Отовсюду слышался грохот орудий и ломающихся стен, раскатистый треск выстрелов, отголоски жалобных криков. Клубы чёрного дыма тяжко поднимались, застилая небо. Некогда блестящая столица, охваченная пламенем, на глазах уходила в небытие.
На улице, по которой шёл генерал, не осталось ни одного уцелевшего строения. Иной раз из-за груды камней выскакивали грязные фигуры, с мольбой бежали к нему, простирались на земле среди битого кирпича и щебня. Седов переступал через них, не замедляя шага, с брезгливой усмешкой на губах.
Хоть бы одна зараза не смалодушничала, кинулась с ружьём или саблей! А какими смелыми были два года назад, особливо против раненых и детей!..

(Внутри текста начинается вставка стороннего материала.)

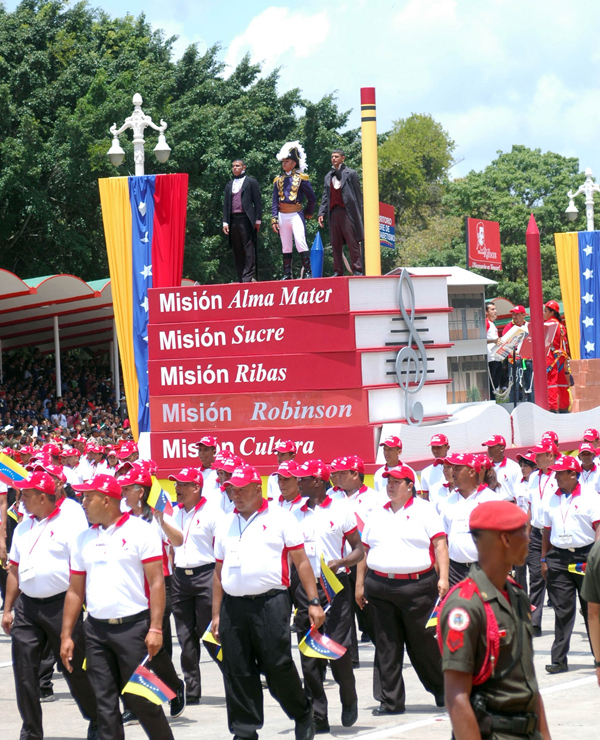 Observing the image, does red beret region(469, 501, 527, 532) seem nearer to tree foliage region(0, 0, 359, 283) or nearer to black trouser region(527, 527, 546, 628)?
black trouser region(527, 527, 546, 628)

В полусотне шагов от себя генерал заметил взвод солдат, судя по обмундированию – лейб-гвардии преображенцев. Они, собравшись в кружок, что-то бурно обсуждали.
– В чём дело, молодцы? – спросил Седов, подойдя.
– Вот поймали, ваше-ство, – доложил гвардейский прапорщик с забинтованной головой.
У стены стояла группа связанных вражеских егерей и гренадеров при полном оружии, оборванных и запылённых.
– Два, четыре… десять… девятнадцать, – пересчитал их генерал. – Девятнадцать безмозглых ослов.
– Что прикажете делать? – спросил прапорщик.
– А то сами не знаете? В расход. Да погромче, чтобы слух прошёл.
– Так-таки в расход?! – ахнул молодой солдатик, распахнув глаза.
– Послушай, удалец, – обратился к нему генерал. – Ты ихний басурманский язык разумеешь?
– Самую малость перенял.
– А я знаю, как родной. С детства учил. И могу сказать, что они промеж себя о нас говорят. Слыхал своими ушами.
– И что же? – заинтересовались солдаты.
– Какие, говорят, смешные звери! – прогремел Седов.
– Это почему звери?! – изумились гвардейцы.
– Потому что ты не человек для них. И ты. И я тоже. Или невдомёк, что они творили на нашей земле? – нахмурился генерал.
– В нашем селе церковь взорвали, – ответил солдатик. – И непотребства там чинили, стыдно сказать.
– У нас баб и мальцов кололи штыками, – мрачно отозвался другой, постарше.
– Вот и ответ. Разве так поступают с людьми? Да хоть бы и с домашней скотиной.
– Может, то были другие? – спросил молодой. – Не эти самые?
– Думаешь, другие?
Генерал вытащил из группы пленных крайнего.
– Может, и не он. Значит, его брат.
– Je n’ai pas de frère… – пролепетал гренадер, отводя взгляд от разгневанного генеральского лица.
– Что? – спросил кто-то из солдат.
– Нет, говорит, брата. Так, значит, кум иль сват. Все одним миром мазаны.
– Может, лучше гуманность? Добром победить ожесточение сердец? – сказал прапорщик с забинтованной головой.
– Как зовут, герой? – спросил Седов.
– Алексей Самсонов, ваше высокопревосходительство.
– Прогрессивные идеи? Равенство, братство? Вы ещё на колени перед ними станьте, Самсонов. «Поглядите, мусью, какие мы добрые да гуманные…» Мусью глядит и смеётся: «Ах, глупый зверь! Я его штыком, а он понравиться хочет! Я огнём, а он благородство показывает. Великодушие! Другой раз приду – вчетверо более наломаю!..» Уяснили, Алёшенька Самсонов, на каком месте он вращал вашу гуманность?